Flags for controlling data movement between DRAM and SSD.

Flag

Default

Description

--enable_offload

false

Enable offload from DRAM to SSD

--offload_on_evict

false

Defer offload to eviction time rather than at Put

--offload_force_evict

false

Force-evict objects exceeding capacity without offload

--promotion_on_hit

false

Promote SSD-resident keys to DRAM on read hit

--promotion_admission_threshold

2

Min CountMinSketch count to allow promotion (1 = disable gating)

--promotion_queue_limit

50000

Max in-flight promotion tasks

--quota_bytes

0 (90% of capacity)

Storage quota in bytes

--enable_disk_eviction

true

Enable disk eviction

Start with --enable_offload=true for eager asynchronous SSD persistence after Put completion. Add --offload_on_evict=true when you want SSD writes to happen only when memory pressure selects an object for eviction. Add --promotion_on_hit=true to allow hot SSD-only data to be promoted back to DRAM, and tune --promotion_admission_threshold to control how many observed reads are required before promotion is queued.

CXL Memory#

Flag

Default

Description

--enable_cxl

false

Enable CXL memory support

--cxl_path

/dev/dax0.0

DAX device path for CXL memory

--cxl_size

8GB (8589934592)

CXL memory size in bytes

When --allocation_strategy=cxl is set alongside --enable_cxl=true, the master preferentially allocates new objects on CXL memory.

DFS Storage#

Flag

Default

Description

--root_fs_dir

empty

DFS mount directory for multi-layer storage backend

--global_file_segment_size

4GB (4294967296)

Max available space for DFS segments

Master Configuration File#

In addition to CLI flags, the master accepts JSON/YAML config files:

mooncake_master --config_path=mooncake-store/conf/master.yaml
rpc_interface: "eth0"
rpc_port: 50051

Reference: Client & Engine Tuning (Env Vars)#

Runtime Protocol#

Variable

Default

Description

MC_RPC_PROTOCOL

tcp

RPC transport protocol between master and clients: tcp or rdma

MC_USE_TENT / MC_USE_TEV1

unset

Set to any value to enable the TENT (next-gen) transfer engine

MC_STORE_CLUSTER_ID

unset

Cluster ID label attached to client metrics

Topology Discovery#

Variable

Default

Description

MC_MS_AUTO_DISC

1

Auto-discover NIC/GPU topology.

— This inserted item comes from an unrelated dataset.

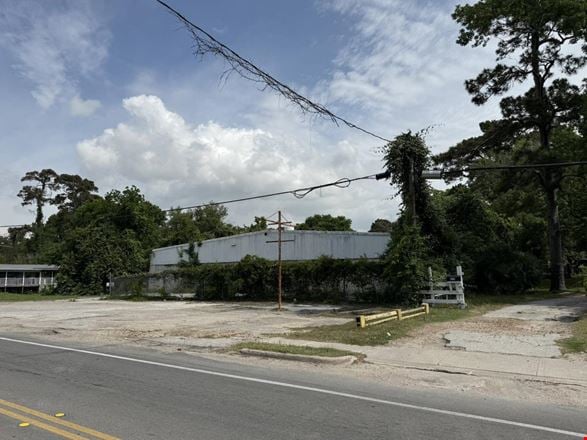 1922 W MAIN ST BAYTOWN TX- 6,250sf Flex Bldg, 0.88 Acre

Set 0 to provide rdma_devices manually

MC_MS_FILTERS

empty

Comma-separated NIC whitelist (e.g., mlx5_0,mlx5_2)

When MC_MS_AUTO_DISC=0, pass rdma_devices (comma-separated) to the Python setup() call.

Transfer Engine Metrics (disabled by default)#

Variable

Default

Description

MC_TE_METRIC

0

Set to 1 to enable engine metrics. Not supported with TENT

MC_TE_METRIC_INTERVAL_SECONDS

5

Seconds between reports

Client Metrics (enabled by default)#

Variable

Default

Description

MC_STORE_CLIENT_METRIC

1

Set 0 to disable

MC_STORE_CLIENT_METRIC_INTERVAL

0

Reporting interval; 0 collects but does not periodically report

MC_STORE_CLIENT_MIN_PORT

12300

Min local port for client connections

MC_STORE_CLIENT_MAX_PORT

14300

Max local port for client connections

Local Hot Cache#

Local hot cache provides a DRAM read cache on top of SSD-resident objects for faster access.

Variable

Default

Description

MC_STORE_LOCAL_HOT_CACHE_SIZE

unset

Size of the local hot cache (e.g., "8gb"). Set to enable the hot cache

MC_STORE_LOCAL_HOT_BLOCK_SIZE

unset

Block size for hot cache (e.g., "2mb")

MC_STORE_LOCAL_HOT_CACHE_USE_SHM

unset

Set 1 to use memfd-backed shared memory

MC_STORE_LOCAL_HOT_ADMISSION_THRESHOLD

unset

Minimum CountMinSketch count before a key is admitted to hot cache

Local Memory Optimization#

Variable

Default

Description

MC_STORE_MEMCPY

0

Set 1 to prefer local memcpy when source/destination are on the same client

MC_STORE_CLIENT_SETUP_RETRIES

20

Number of times to retry client registration on failure

MC_CXL_DEV_SIZE

unset

CXL device size (overrides --cxl_size for client-side allocation)

MMap Buffer & HugePages#

Variable

Default

Description

MC_STORE_USE_HUGEPAGE

unset

Set 1 to request HugeTLB-backed mmap()

MC_STORE_HUGEPAGE_SIZE

2MB

Supported: 2MB, 1GB

MC_MMAP_ARENA_POOL_SIZE

unset

Pre-allocated arena pool size (e.g., 8gb). Explicitly set to enable the arena

MC_DISABLE_MMAP_ARENA

unset

Set 1 to disable arena, fall back to per-call mmap()

yalantinglibs Log Level#

export MC_YLT_LOG_LEVEL=info

Available: trace, debug, info, warn (or warning), error, critical.